WHAT YOU SHOULD DO: Retype the entries below exactly, but begin at the line containing "this 300×200 image." and end at the last line.

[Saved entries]
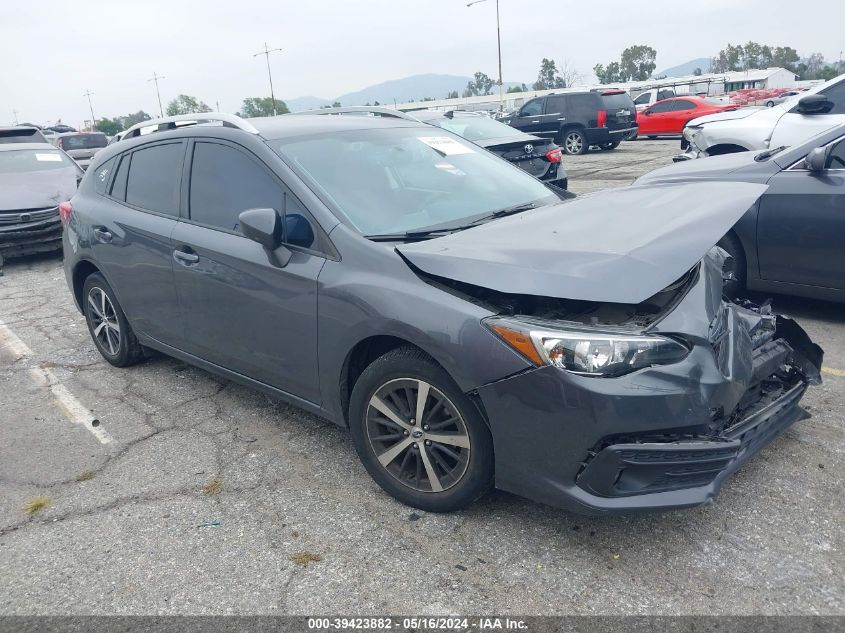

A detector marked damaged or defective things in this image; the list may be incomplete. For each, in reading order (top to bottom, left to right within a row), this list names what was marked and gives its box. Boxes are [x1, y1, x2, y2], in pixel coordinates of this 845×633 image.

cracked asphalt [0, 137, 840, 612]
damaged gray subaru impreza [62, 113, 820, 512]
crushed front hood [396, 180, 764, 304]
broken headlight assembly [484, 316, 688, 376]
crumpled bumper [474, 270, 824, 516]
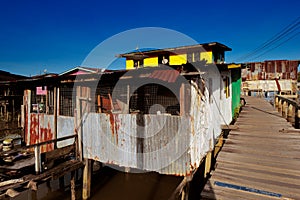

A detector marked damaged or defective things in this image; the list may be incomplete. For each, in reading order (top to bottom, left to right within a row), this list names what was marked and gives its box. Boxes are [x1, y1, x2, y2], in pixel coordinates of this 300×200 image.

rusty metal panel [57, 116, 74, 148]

OUTPUT:
A detector marked damaged or defective things in this image; the list may be incomplete. For each, in reading order (top to bottom, left to right within a row), this list names what was marked and gives its box. Boxes are [x1, y1, x2, y2], in pixel coordinates of this 300×200 image.

rusty metal panel [57, 116, 74, 148]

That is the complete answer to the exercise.